Лишь спустя два года, в июле 1885 года, М. М. Ковалевский в Кисловодске познакомился с Исмаилом Мырзакуловичем Урусбиевым, который сразу же произвел на него особое впечатление. «Могучая, как бы из железа скованная фигура Исмаила Урусбиева внушала нам бодрость и уверенность в успехе предприятия», – писали М. М. Ковалевский и И. И. Иванюков в вышедшем после экспедиции очерке «У подошвы Эльборуса»
А когда друг Максима Максимовича Аглинцев напутствовал: «Ваше путешествие начинается под счастливой звездой... лучшего путеводителя трудно найти на всем Кавказе» и сам Исмаил Мырзакулович, приглашая в горы, добавил: «Кто выбьется из сил, того мы перенесем на бурках», сомнений не осталось.
Путь экспедиционной группы по Баксанскому ущелью в высокогорные села и поселки Сванетии был не легок и не близок. Кроме населения Урусбиевского общества, ученых в значительной степени привлекали их южные соседи, сохранившие больше, чем кто-либо из северокавказских народов, в своем быту и культуре архаических черт. «Посещение малоизвестного народца сванетов было главной целью нашей поездки...», – читаем в их очерке.
Наиболее заманчивым представлялся маршрут через труднодоступный Донгуз-Орун, но проводника найти было трудно. По данным отставного полковника Аглинцева, даже баксанцы редко посещали Сванетию, а из иностранцев преодолеть перевал удалось до этого лишь англичанину Фрешфильду и венгру Морицу фон Деши. И ученые, отчаявшись уже найти опытного проводника и, решив было ехать в Сванетию через Владикавказ, Тифлис и Кутаиси, стали готовиться к отъезду, как в Кисловодске судьба случайно свела их с Исмаилом Урусбиевым, часто навещавшим своих кисловодских друзей и вернувшего их к первоначальной задумке.

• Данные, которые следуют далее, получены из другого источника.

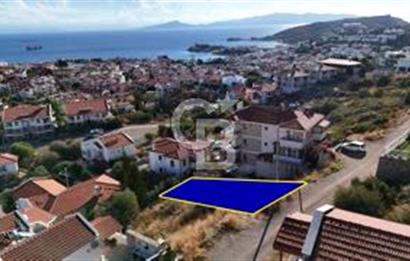 DATÇA İSKELE MAHALLESİ'NDE DENİZ MANZARALI İMARLI ARSA
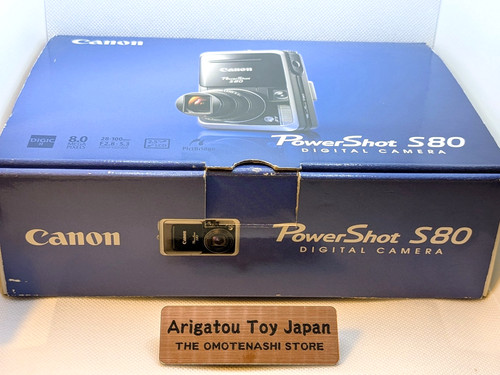 Canon powershot s80 0 - canon,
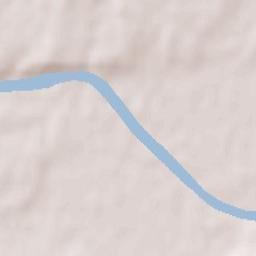 Tordesillas Terrain Map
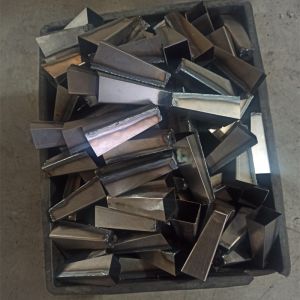 Light Weight Precision Metal Sheet Fabrication With Smooth Finish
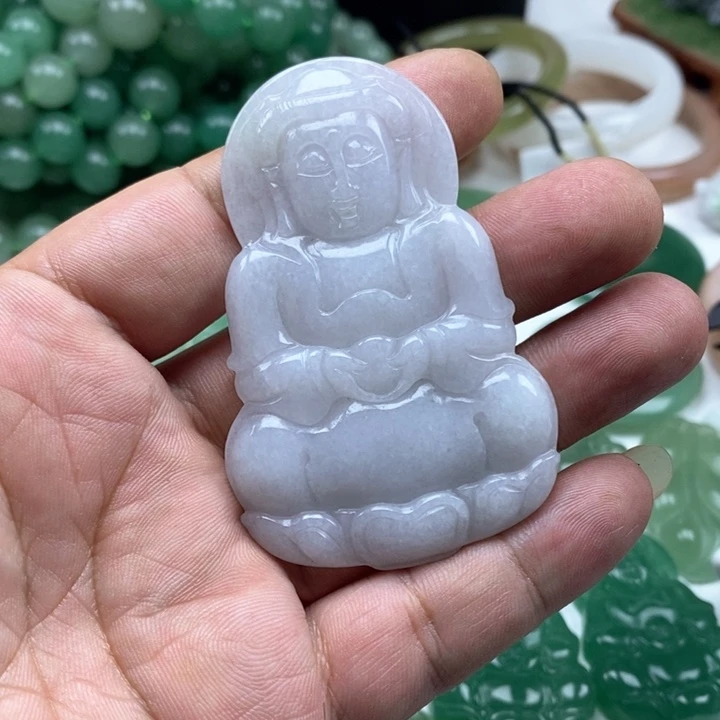 未镶嵌东陵石颈饰W****4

Проблема сопровождения в горах, посещение отдаленных сел и уголков Кавказа, оказания квалифицированной помощи в восхождении на Эльбрус и другие вершины Центрального Кавказа занимала важное место и в организационных вопросах путешественников. Особую роль здесь играло гостеприимство, о котором писали многие авторы и которое нашло образное выражение в фольклоре и поэзии, преданиях и легендах. Дело в том, что в период феодализма оно имело свои особенности, выражавшиеся в том, что без него затруднено было путешествие по чужой территории. П. Зубов отмечал, что у адыгов проводник сопровождал гостя по всей территории племени, обеспечивая ему безопасность и необходимые условия для передвижения. И связано это было, по мнению М. Ковалевского и как уточняет В. К. Гарданов, с тем, что «гостеприимство в древности предполагало временную, а не постоянную охрану гостя-чужеплеменника хозяином».

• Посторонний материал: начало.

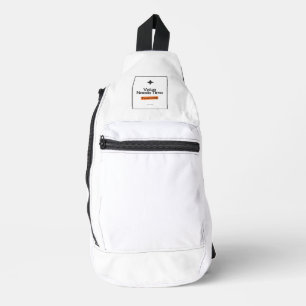 Value Needs Time Schultertasche Focus Long Desig Crossbody Bag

В Балкарии и других районах Северного Кавказа не было еще, как в Швейцарии, ремесла проводничества. Горцы рассматривали помощь, оказываемую ученым, чиновникам, путешественникам, альпинистам как долг гостеприимства, а в некоторых случаях – даже куначества. Некоторые из путешественников, часто бывавшие с горах, становились близкими друзьями балкарцев, карачаевцев, осетин, и их отношения считались на уровне родственных. Правда, в дореволюционной литературе почти не упоминается о куначестве между, например, представителями господствующих классов России и Западной Европы и простыми крестьянами-горцами или даже таубиями. Но, вчитываясь в их воспоминания, можно увидеть, что горцы вели себя с некоторыми из приезжих гораздо проще, чем с другими. И разница в том, что с кунаком они беседовали по всем интересующим их темам, проявляли «повышенный интерес к его делам» и принимали в них активное участие, что возможно, пишет В. К. Гарданов, по отношению только к кунаку.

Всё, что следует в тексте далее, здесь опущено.